This charming little hybrid house on Vancouver Island is built with straw-clay, earth plaster and rustic local wood.

This charming little hybrid house on Vancouver Island is built with straw-clay, earth plaster and rustic local wood.


Reader question: I am hoping to start building a home in the Pacific Northwest this summer. I have been reading EVERYTHING I can on building with cob, hyperadobe and strawbales, and am trying to come up with a solution that I can afford and build on my own (I am recently divorced with four kids and no family or friends available to help build).

Owen: Keep researching natural building in your area to help determine what works best.
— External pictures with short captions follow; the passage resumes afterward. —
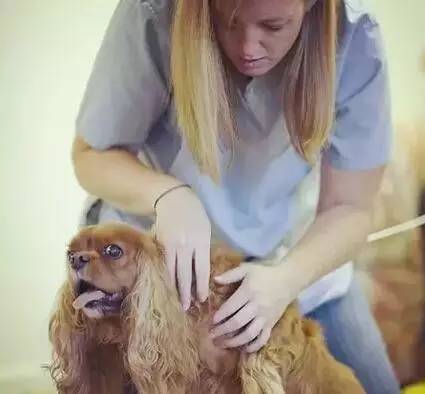 狗狗生病了吃什么食物,狗狗生病了吃点什么好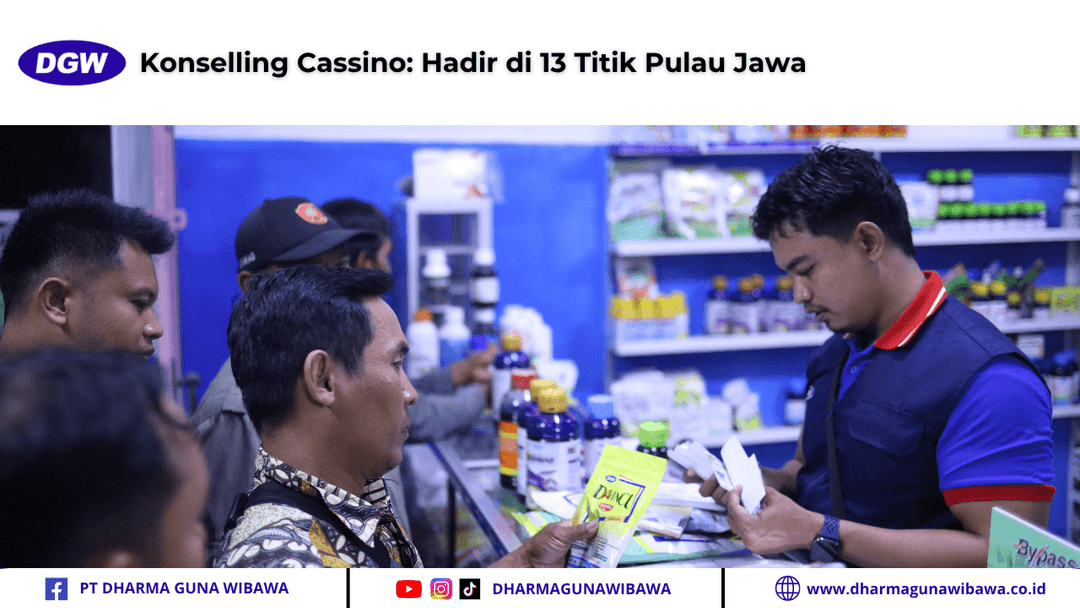 Konselling Cassino Hadir di 13 Titik Pulau Jawa
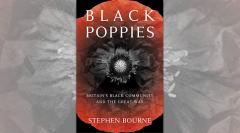 Black Poppies image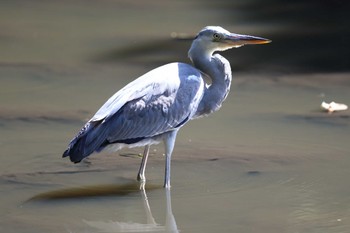 アオサギ 明石公園 2022年9月25日(日)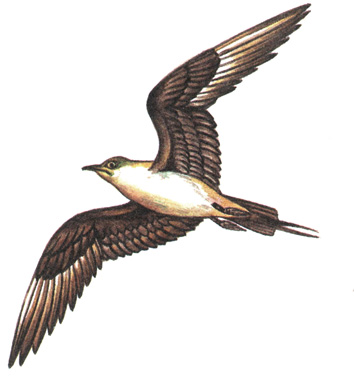 178.   - Stercorarius parasiticus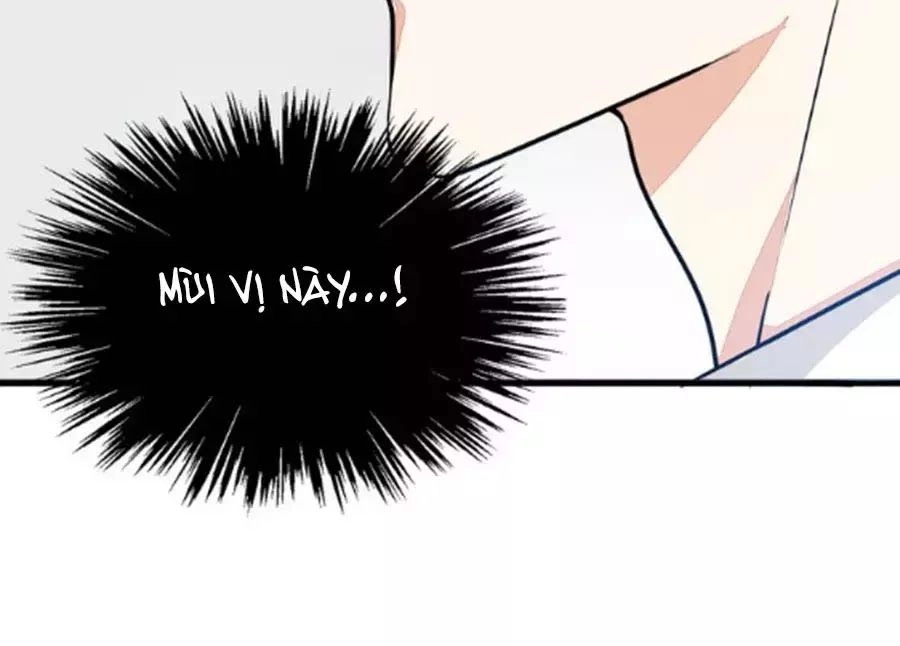 Mùi Hương Lãng Mạn Chapter 26 - 48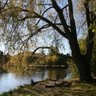 Susan Lund Photo 21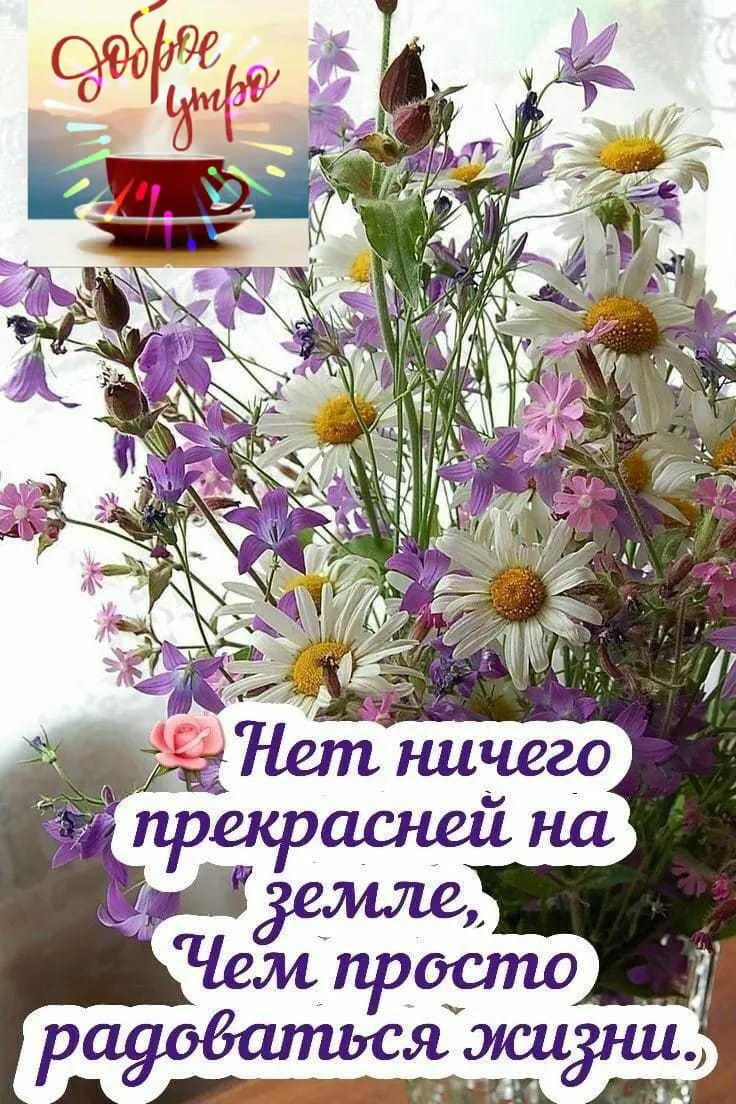 https://upforme.ru/uploads/000a/78/7a/526/48434.jpg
I just did a quick search and found the wonderful photo shown above at Gather and Grow – Natural building on Vancouver Island.
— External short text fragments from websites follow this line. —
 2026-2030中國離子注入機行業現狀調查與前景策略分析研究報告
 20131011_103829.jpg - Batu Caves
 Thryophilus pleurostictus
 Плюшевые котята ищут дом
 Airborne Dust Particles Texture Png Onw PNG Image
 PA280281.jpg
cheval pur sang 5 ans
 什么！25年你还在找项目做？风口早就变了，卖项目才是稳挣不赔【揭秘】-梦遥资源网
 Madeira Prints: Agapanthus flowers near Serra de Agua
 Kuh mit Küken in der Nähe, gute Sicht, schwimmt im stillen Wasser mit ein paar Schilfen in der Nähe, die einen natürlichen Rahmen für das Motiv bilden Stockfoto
Note how the exposed walls are recycled/rustic rough sawn wood, and the protected area under the porch is straw-clay and earth plaster or cob. This home is fairly small and reasonably practical to build with minimal skills.

Choose materials that provide good insulation. Earth (cob, etc.) has extremely low R-value, which means nearly zero insulation value. Straw has good R-value but poor resistance to rain, especially blowing rain, so straw bales are risky for you. The ‘best design’ is often a balancing act of various materials. This is called hybrid building.

Consider living in a yurt, skoolie or other simple structure as you build your home. Allow plenty of time for gathering free, salvaged materials to keep the cost low and add character.